Activity: Word for word, restate the lines of the data below between those holding "Brayman BMW invites" and "Shedd Aquarium is", inclusive; pictures do not belong in the copy.

Data in this exercise:
=====

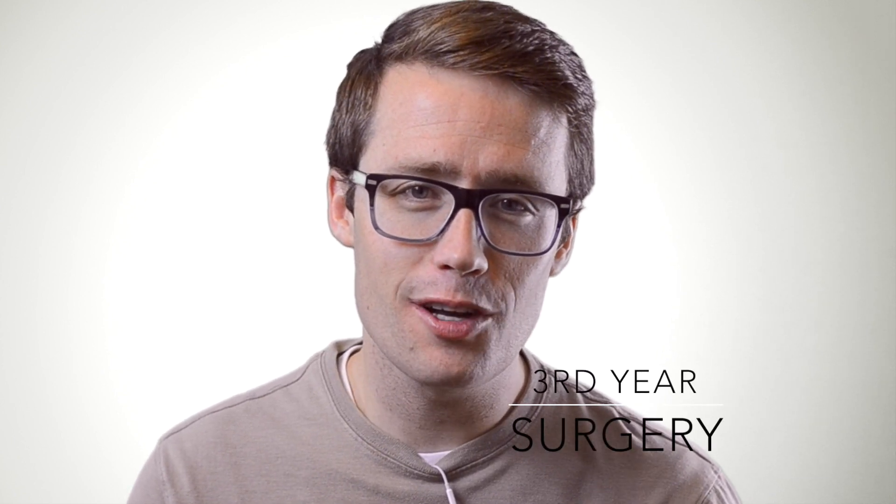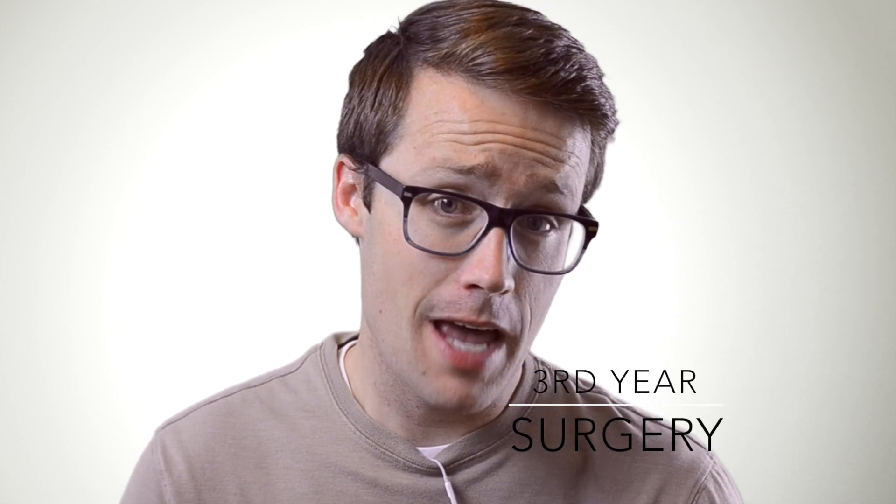What's up guys, I'm student Dr. Thompson, a third-year medical student here to talk about my surgery rotation — how it went, some things you can expect on your surgery rotation, and how to do well on the shelf exam that follows the rotation. Stick around because at the end I'm going to go over must-have resources to do well on the shelf exam.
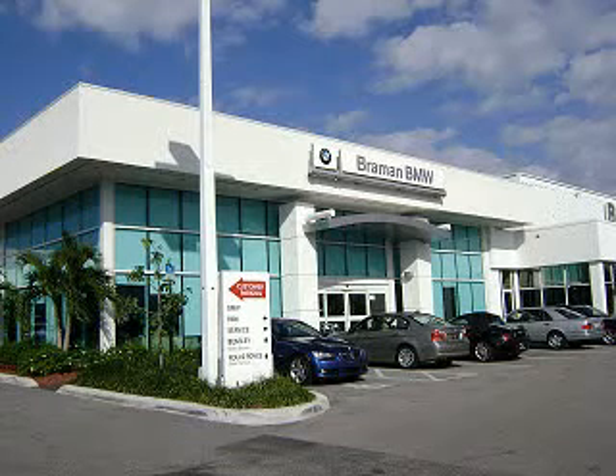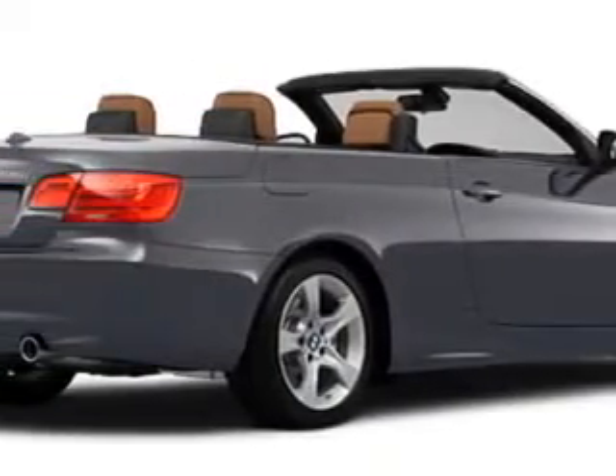Brayman BMW invites you to test drive the ultimate driving machine of your choice. Vast selection, factory certified reconditioning, professional atmosphere, and impeccable service awaits you. Ready for the very best? Let Brayman Motor Car show you what luxury really means.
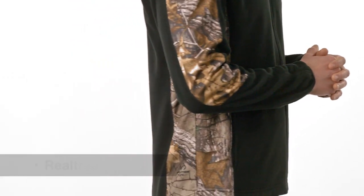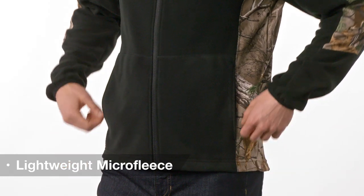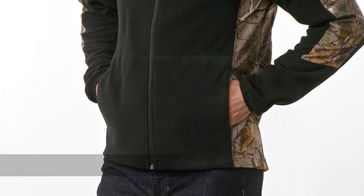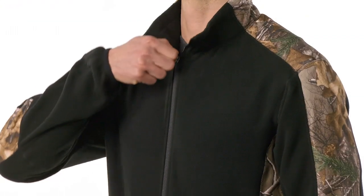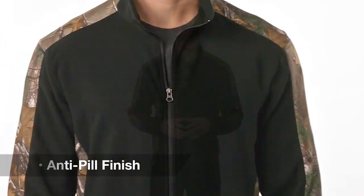With authentic Realtree camo detailing on the sides of this super soft jacket, you'll never hide your love for the outdoors. Our lightweight camouflage micro fleece full zip delivers warmth without weight. The reverse coil zipper adds an understated touch and the anti-pill finish extends the life cycle of the jacket. All this and it's a great value too.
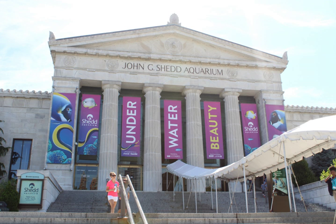Shedd Aquarium is an indoor public aquarium in Chicago, Illinois, in the United States. Opened on May 30, 1930, the 5 million U.S. gallon aquarium was for some time the largest indoor facility in the world.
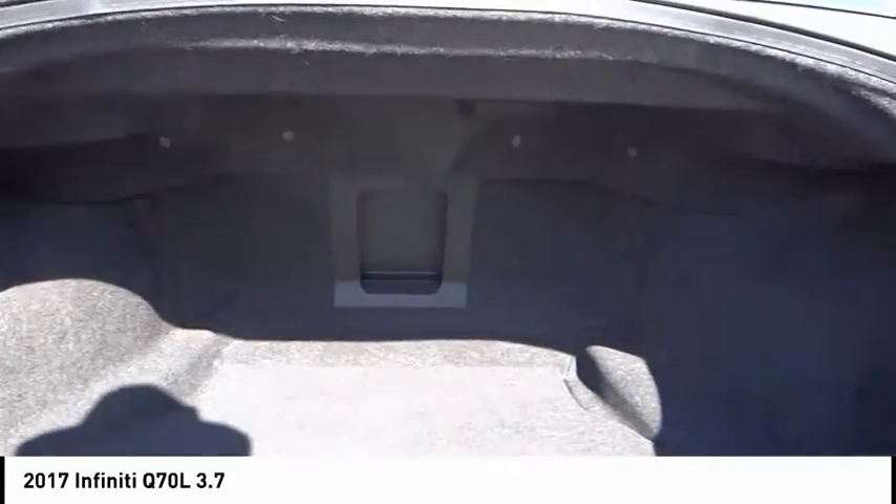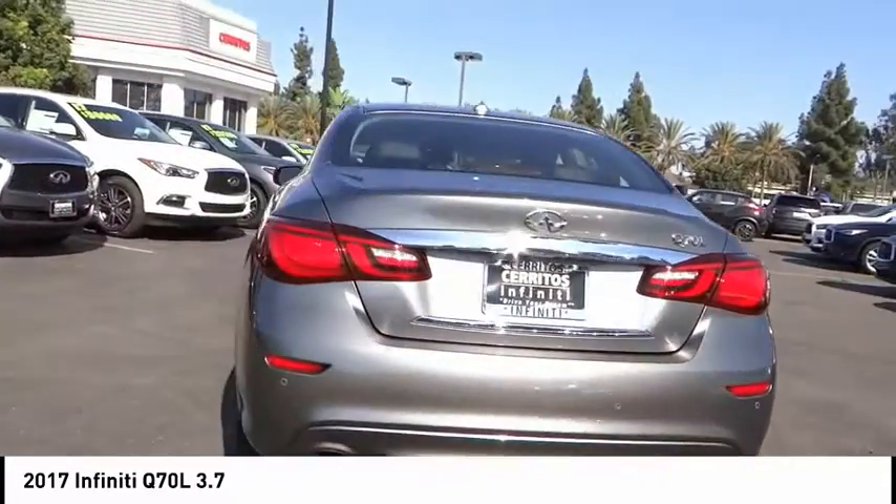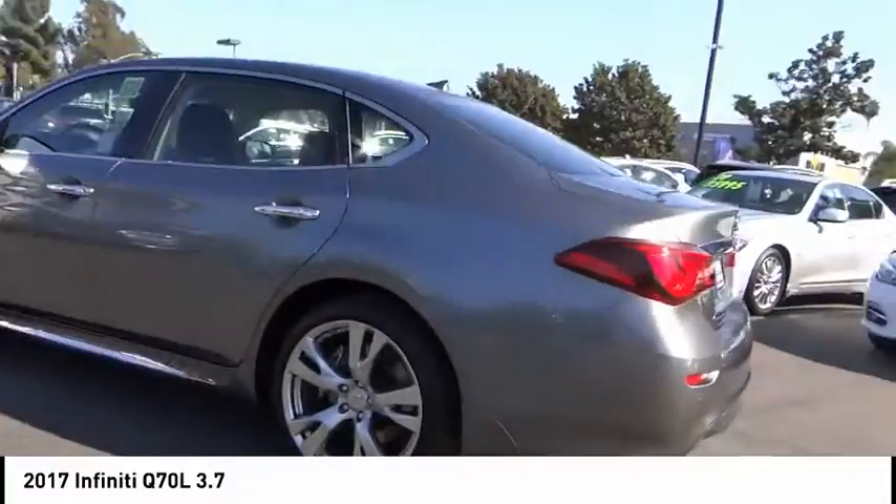This vehicle has less than 45,000 miles. Here are some of this vehicle's great options: electronic stability control, brake assist, traction control, remote keyless entry, fog lights.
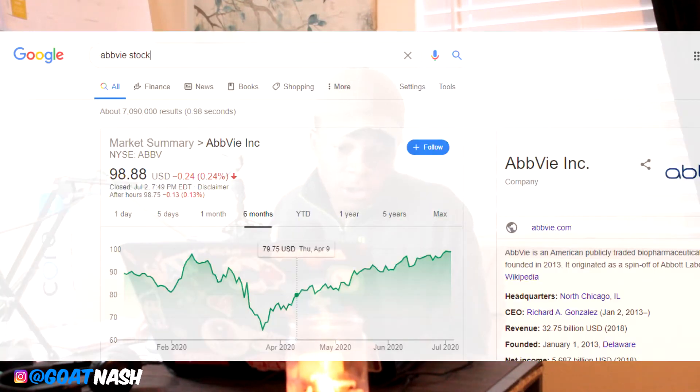What is up guys, my name is Nash and welcome back to another video. Today I'm going to be talking about everyone's favorite expensive dividend stock, which is going to be AbbVie. I think it's expensive because as of today it's trading at $98.88, which is kind of expensive — if you want to round that up, that's $100.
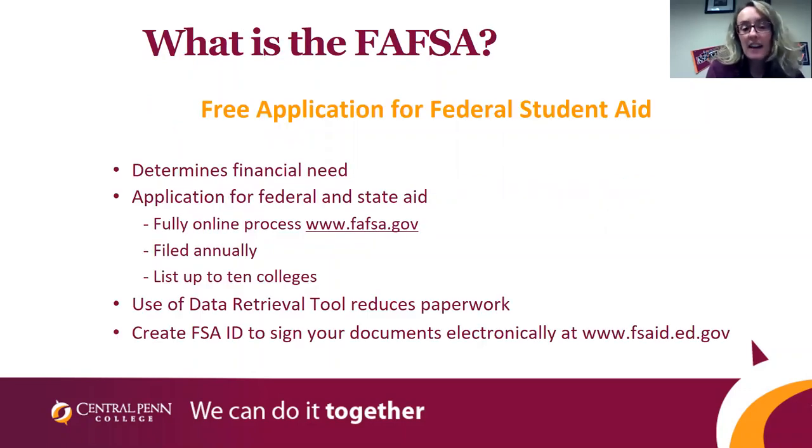So what is a FAFSA? The FAFSA determines your financial need. You can list up to 10 schools, and only the schools you list will get access to it. Once you select Central Penn and submit it, we typically get it within three to five business days. For those of you starting in summer or fall, we are hoping to have financial aid award letters out to you in mid-December. A FAFSA is something you will need to complete each year — they want to see the previous year's taxes to determine your eligibility. If you're not sure where your taxes are, you can use the IRS data retrieval tool to pull all the information from the IRS directly onto your FAFSA with your FSA ID.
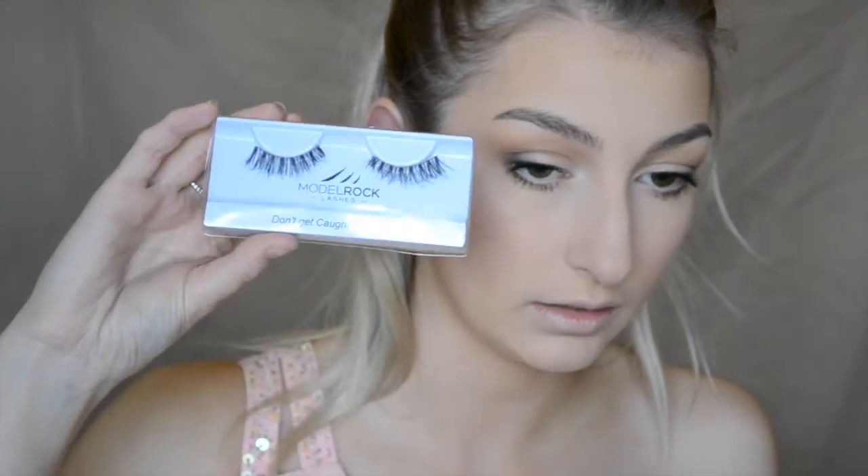I'm going in with these falsies from Model Rock. I have no clue what number they are — it has nothing on there, it just says they're by the brand Model Rock.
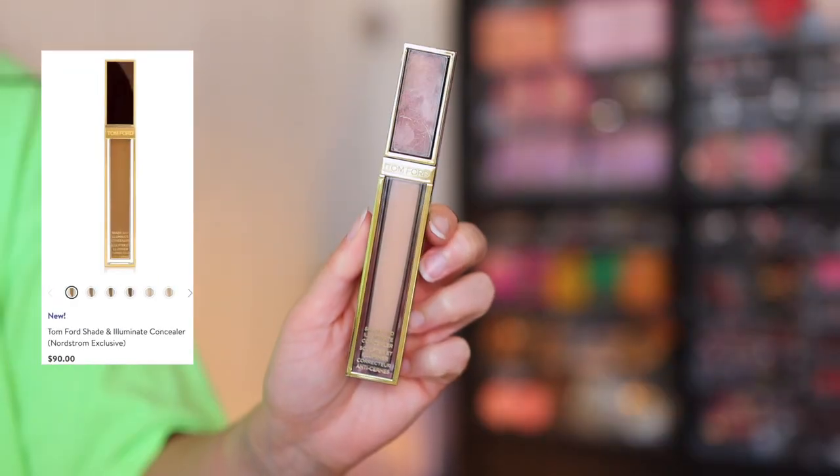For concealer, I pulled out the Tom Ford Shade and Illuminate concealer that just came out. I'm not saying you need to get this concealer because it's $90 — that's exactly why I'm using it, because I paid $90 for it. But price aside, quality-wise, this is my favorite concealer that I've tried lately. I've tried the ABH, the One Size, and this one — all three are really good. The Tom Ford performance-wise is the best, but I recommend the ABH the most because it's $30 as opposed to $90. It certainly doesn't justify the $60 price difference, so the ABH is super duper good, but I can't deny I love this concealer.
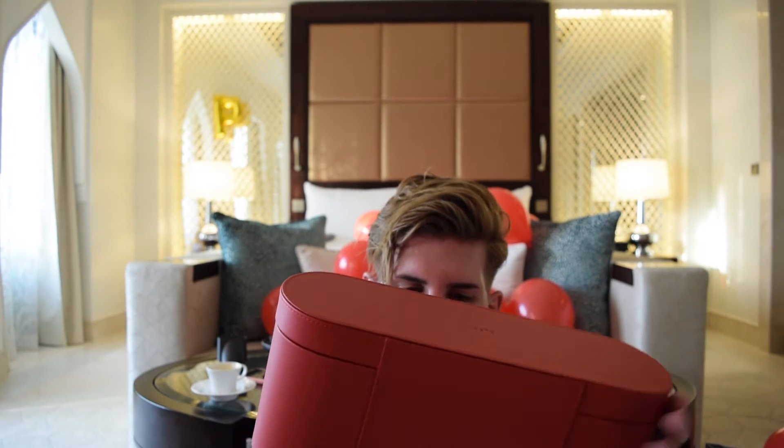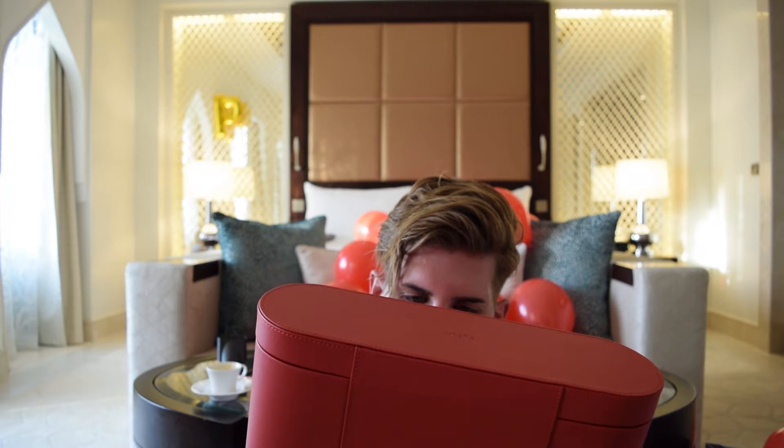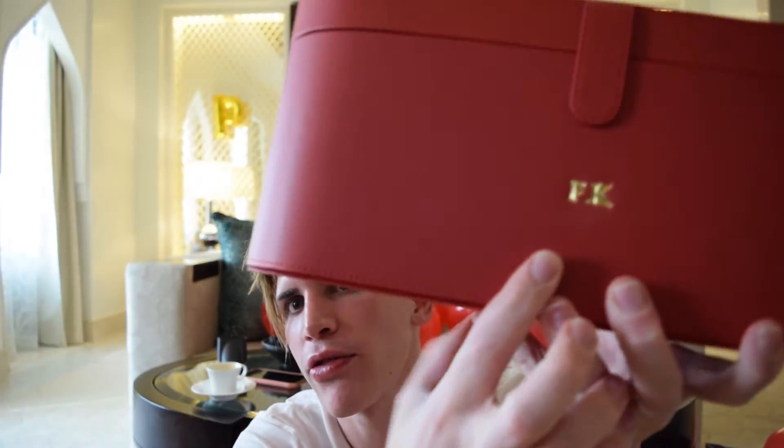Now let me open the main box. Oh my god, that is so pretty! It's the red box and it's got my monogram — PK. It could have been done a bit better but yeah, it's got my little monogram PK. Oh it's so pretty!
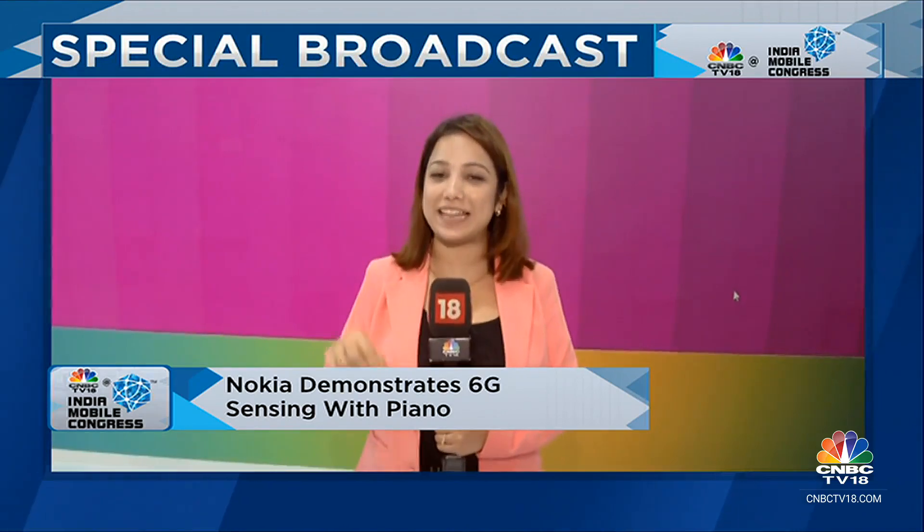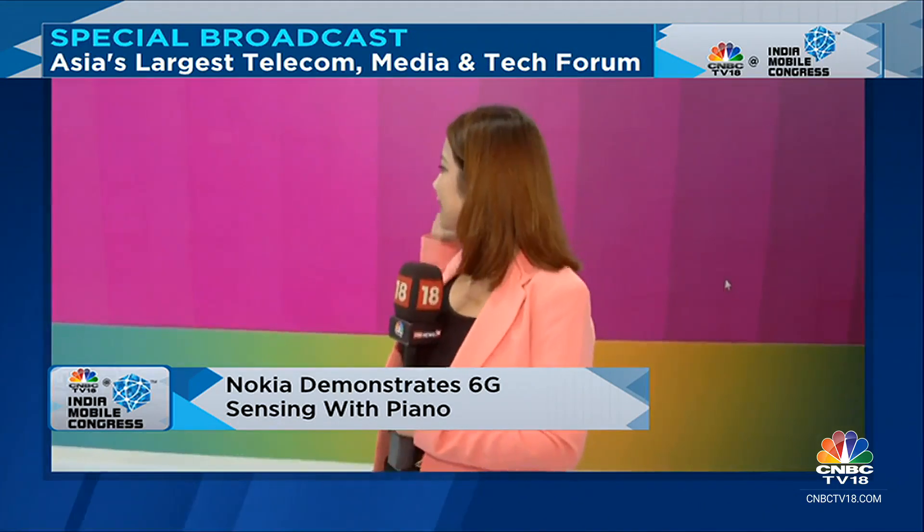I'm going to get a very impressive and interesting showcase of the 6G technology here at the Nokia exhibit in the India Mobile Congress. Let me show you this piano — these keys that you see behind me actually move with the 6G technology.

=====

Exercise solution:
Brayman BMW invites you to test drive the ultimate driving machine of your choice. Vast selection, factory certified reconditioning, professional atmosphere, and impeccable service awaits you. Ready for the very best? Let Brayman Motor Car show you what luxury really means.
With authentic Realtree camo detailing on the sides of this super soft jacket, you'll never hide your love for the outdoors. Our lightweight camouflage micro fleece full zip delivers warmth without weight. The reverse coil zipper adds an understated touch and the anti-pill finish extends the life cycle of the jacket. All this and it's a great value too.
Shedd Aquarium is an indoor public aquarium in Chicago, Illinois, in the United States. Opened on May 30, 1930, the 5 million U.S. gallon aquarium was for some time the largest indoor facility in the world.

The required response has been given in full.